The Company has the right to prepay the Notes by paying 110% of the principal and interest thereon at any time (provided we are required
to provide the holders 10 trading days’ prior written notice of such repayment), plus $750 per note holder for administrative fees.
The
Warrants
The
Warrants have a term of five years, and are exercisable beginning 90 days after the issuance date, and an exercise price of $0.075 per
share; however, if the Company consummates any Uplist Offering on or before 180 calendar
days from the grant date of the Warrants, the exercise price will be equal to 120% of the offering price per share of the Company’s
common stock in such Uplist Offering. If the exercise price is lower than the highest traded price of the Company’s common stock
during the 150 trading days prior to the date of exercise and the shares underlying the Warrants are not registered, the Warrants may
be exercised via cashless exercise (with the formula for such cashless exercise being set forth in the Warrants, and based on such highest
traded price within the last 150 days). The exercise price and the number of shares underlying the Warrant will be adjusted to account
for any dividend or distribution by the Company to the holders of its common stock. Each Warrant provides for a reduction of the exercise
price to match the price per share of any dilutive issuance made while the Warrant is outstanding (other than in connection with stock
plan issuances and other customary exceptions). Such reduction of the exercise price will not apply to the Uplist Offering if the Uplist
Offering is consummated on or before 180 calendar days after the grant date of the Warrant.

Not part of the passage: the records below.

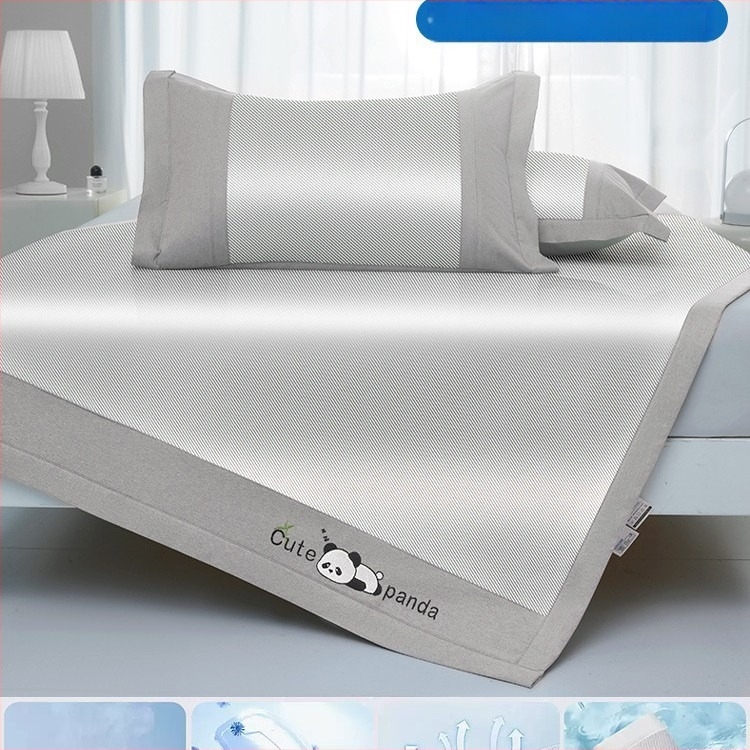 Covoraș de pat din fibră chimică, senzație ice silk, cu două fețe, stil minimalist modern, lavabil la mașină, țesătură imprimată, utilizare dublă vară-iarnă.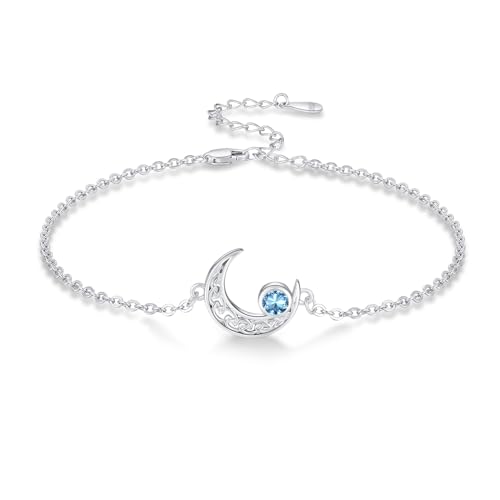 Moon Bracelet for Women 925 Sterling Silver Moonstone/Birthstone Moon Bracelet Butterfly/Dragonfly Bracelet Celtic Moon Butterfly Dragonfly Jewelry Gifts for Women - style: 03-Mar Birthstone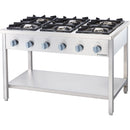 Stalgast gas cooker series 700, 6-burner (3.5+3x5+2x7), G30, 1200x700x850 mm (WxDxH), self-assembly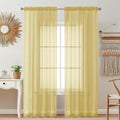 OVZME 2 Pack: Basic Mustard Yellow Sheer Curtain 84 Inches Long by OVZME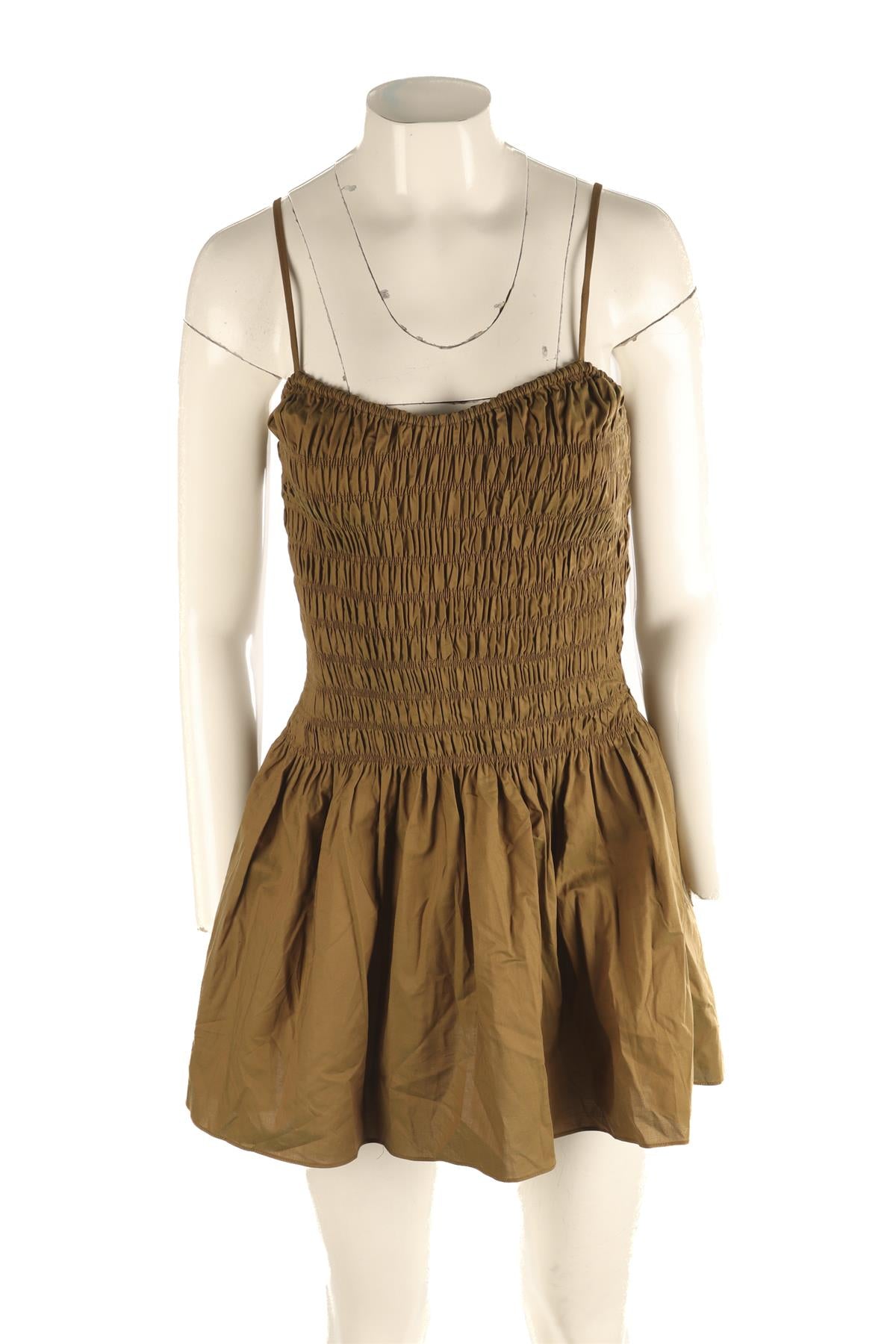 FAITHFULL THE BRAND GREEN COTTON MINI DRESS AU 6 UK 6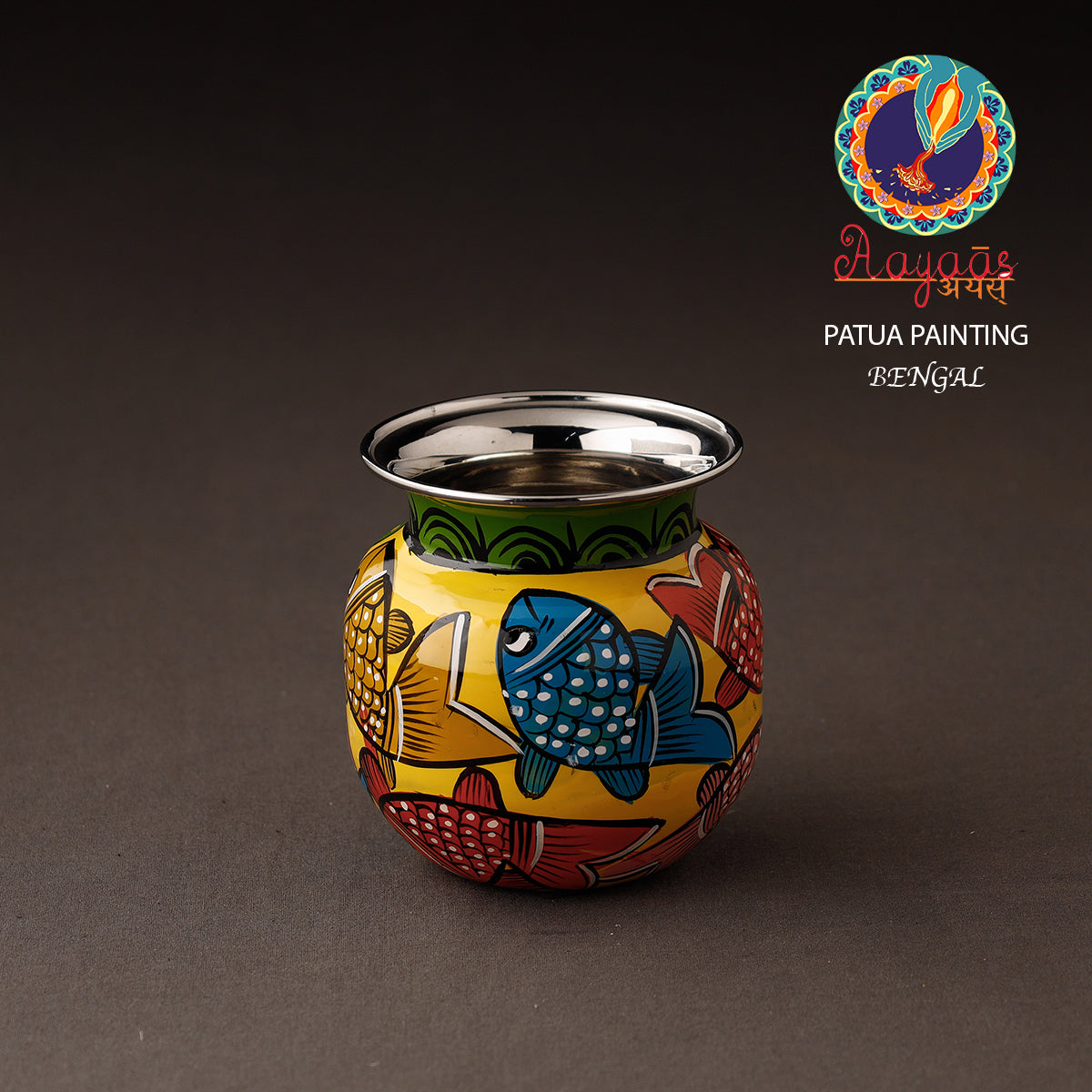 AAYAAS Bengal Patua Handpainted Stainless Steel Lota / Kalash / Container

The exercise price of the Warrants is subject to customary adjustment upon the occurrence of certain events, such as a subdivision (by
any stock split, stock dividend, recapitalization or otherwise) of the Company’s common stock.
Each
Warrant contains a requirement for the Company to reserve two times the number of shares of common stock issuable upon the exercise of
such Warrant. If the Company undertakes certain fundamental transactions (such as certain mergers, exchanges, or the sale of substantially
all of the Company’s assets) while the Warrants are outstanding, the Investors will have the right to receive any consideration
received by the record holders of the Company’s common stock as a result of such fundamental transaction and the exercise price
of the Warrants will be adjusted to account for such additional consideration. The Warrants contain provisions limiting each Investor’s
ability to exercise the Warrants if such exercise would cause the Investor’s (or any affiliate of any such Investor) holdings in
the Company to exceed 4.99% of the Company’s issued and outstanding shares of common stock.
Disclaimers
Regarding the Transaction Documents
The
representations, warranties, covenants, and agreements contained in the Purchase Agreements and the other Transaction Documents were
made solely for the benefit of the parties to the Purchase Agreements and such other Transaction Documents. In addition, such representations,
warranties, covenants, and agreements (i) are intended as a way of allocating the risk between the Company and the Investors and not
as statements of fact, and (ii) may apply standards of materiality in a way that is different from what may be viewed as material by
shareholders of, or other investors in, the Company. Accordingly, the form of Purchase Agreement, Warrant and Note are filed with this
report only to provide investors with information regarding the terms of transaction, and not to provide investors with any other factual
information regarding the Company. Shareholders should not rely on the representations, warranties and covenants or any descriptions
thereof as characterizations of the actual state of facts or condition of the Company. Moreover, information concerning the subject matter
of the representations and warranties may change after the date of the Transaction Documents, which subsequent information may or may
not be fully reflected in public disclosures.
The
foregoing descriptions of the Purchase Agreements, Notes, and Warrants are not complete, and qualified in their entirety by the full
text of such agreements, attached hereto as Exhibits 10.1, 10.2, and 10.3 hereto, which are incorporated by reference herein.